I would say the biggest explanation ahead of its time was not by the rabbis, but by the Torah, steadfastly defended by even the most rational rabbis in the face of prevailing secular thought. Up until 1929 (and perhaps even as late as 1949), the leading view in astronomy was that we lived in a steady-state universe with no beginning and no end. People often talk about the clash between Big Bang theory and ma'asei bereshit, but in fact they are much more in line with each other than the prevailing secular theories up until that point.

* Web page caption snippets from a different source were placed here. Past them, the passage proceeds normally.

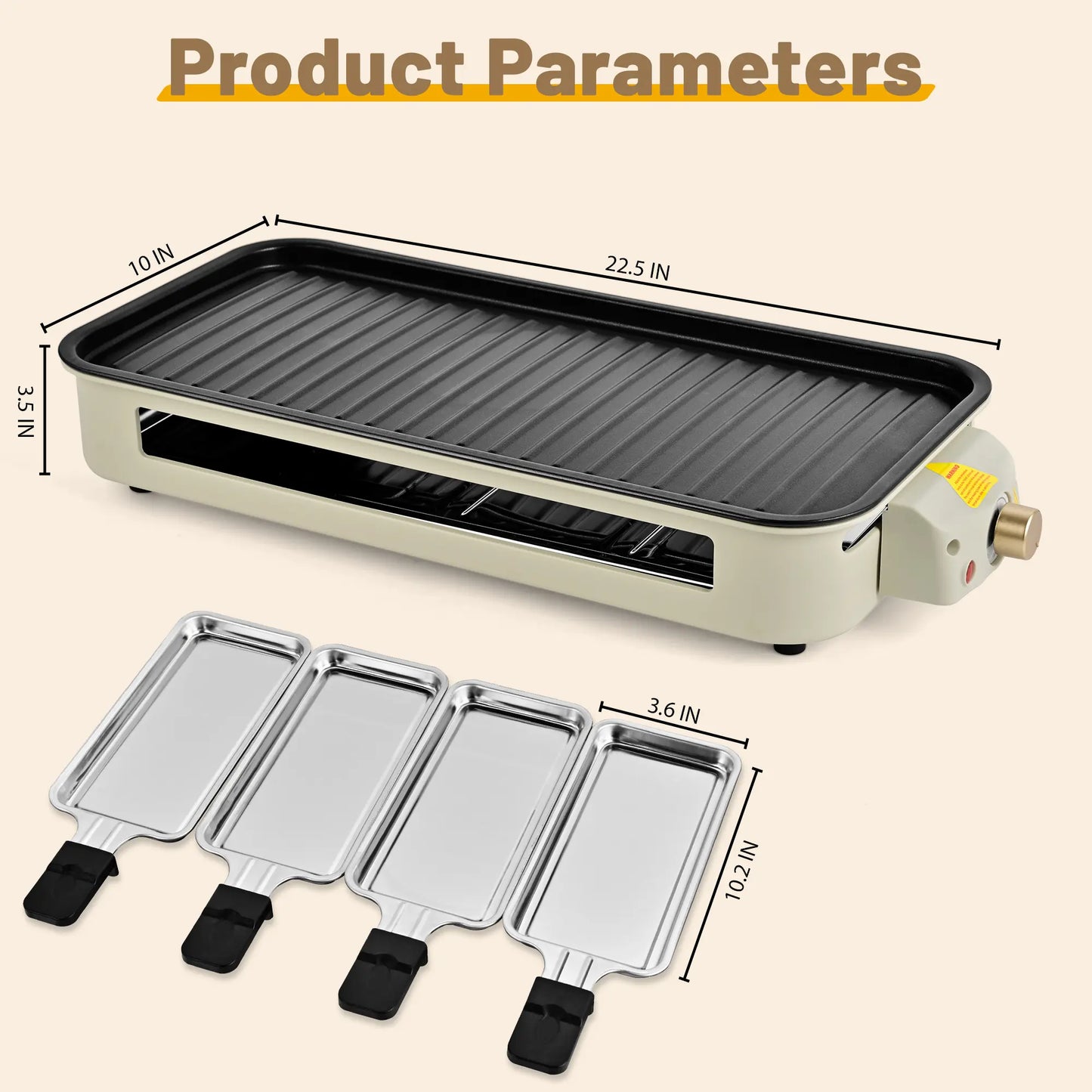 1800W 2-in-1 Smokeless Indoor Grill, Non-Stick Removable Plate Dishwasher Safe
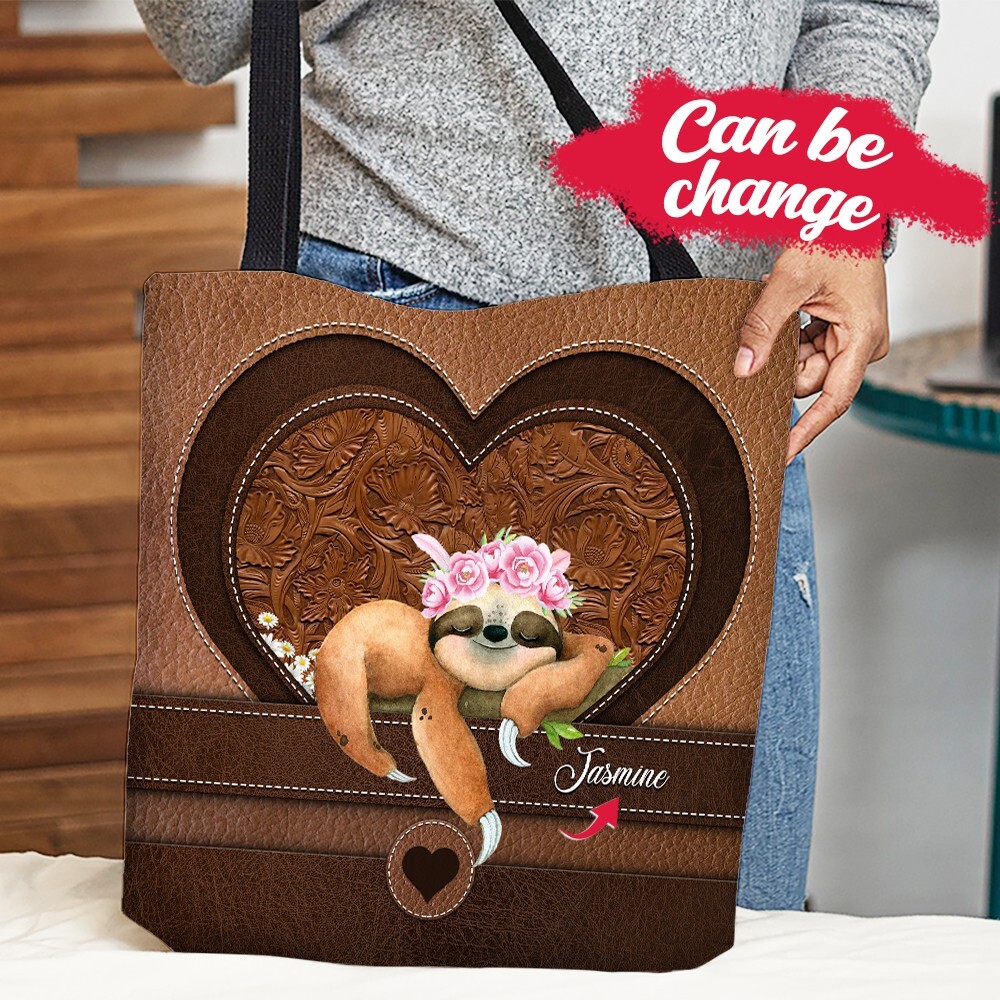 Vintage Sloth Lovers Tote Bag - Personalized Sleep Flower Handbag Gift-image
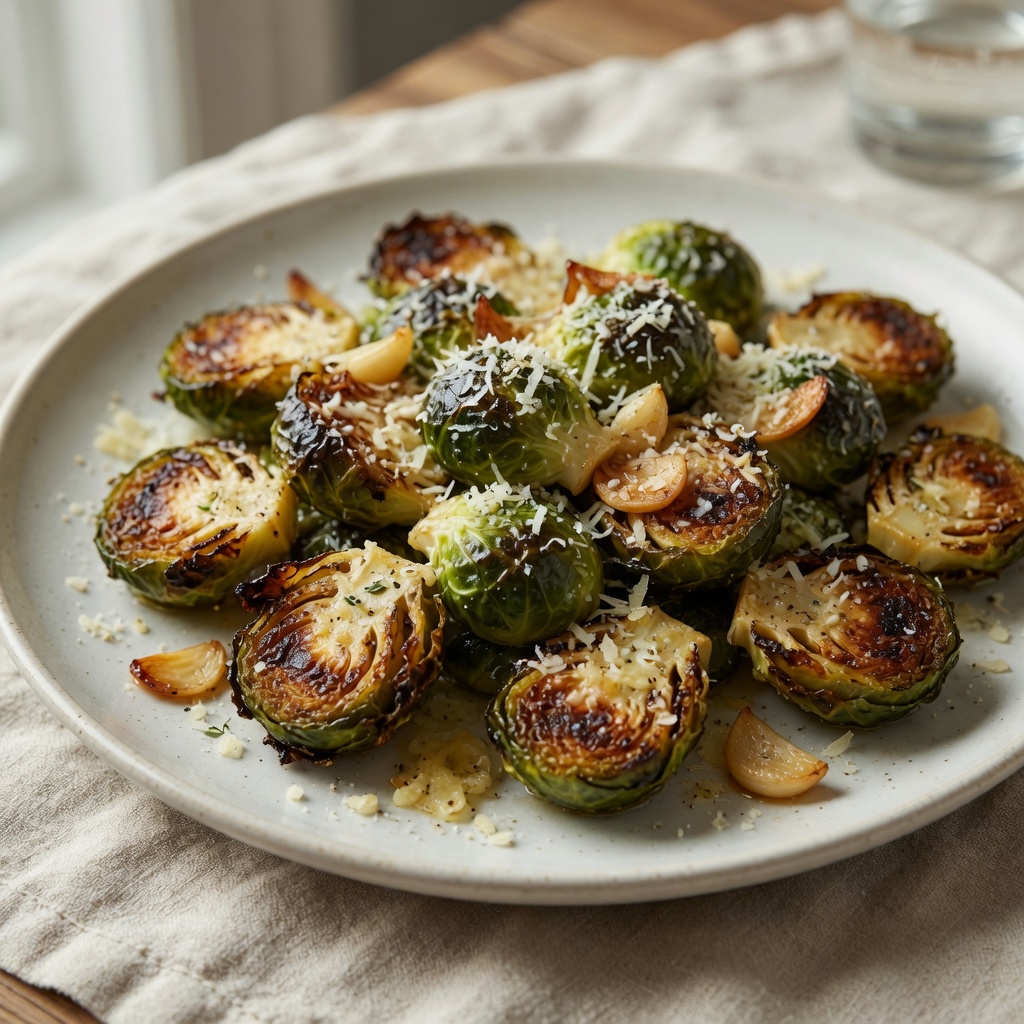 Roasted Brussels Sprouts with Garlic Parmesan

For those numerologists out there, Tehillim 147:4 "He counts the number of the stars; He calls them all by name. ד. מוֹנֶה מִסְפָּר לַכּוֹכָבִים לְכֻלָּם שֵׁמוֹת יִקְרָא:" With 22 letters in the Hebrew alphabet, there are 22! = 1.1x10^21 possible permutations, pretty close to the number of stars in the observable universe (if shin and sin are counted separately, as they should be, you get 23! = 2.6x10^22, even closer to the "correct" number) [as an interesting aside, this is remarkably close to the number of grains of sand on the beach: 5x10^21 according to some estimates]

And for my favorite, which doesn't really count as preceding modern science, but is cool anyways, Tehillim 148:3 "Praise Him, sun and moon; praise Him, all stars of light. ג. הַלְלוּהוּ שֶׁמֶשׁ וְיָרֵחַ הַלְלוּהוּ כָּל כּוֹכְבֵי אוֹר:" Isn't "stars of light" redundant?? NO! there must also be stars of darkness, i.e., black holes!

I'm not really a big kabbalist, but from what I understand of the sefirot, it is conceptually very similar to our modern particle physics theories of symmetry breaking.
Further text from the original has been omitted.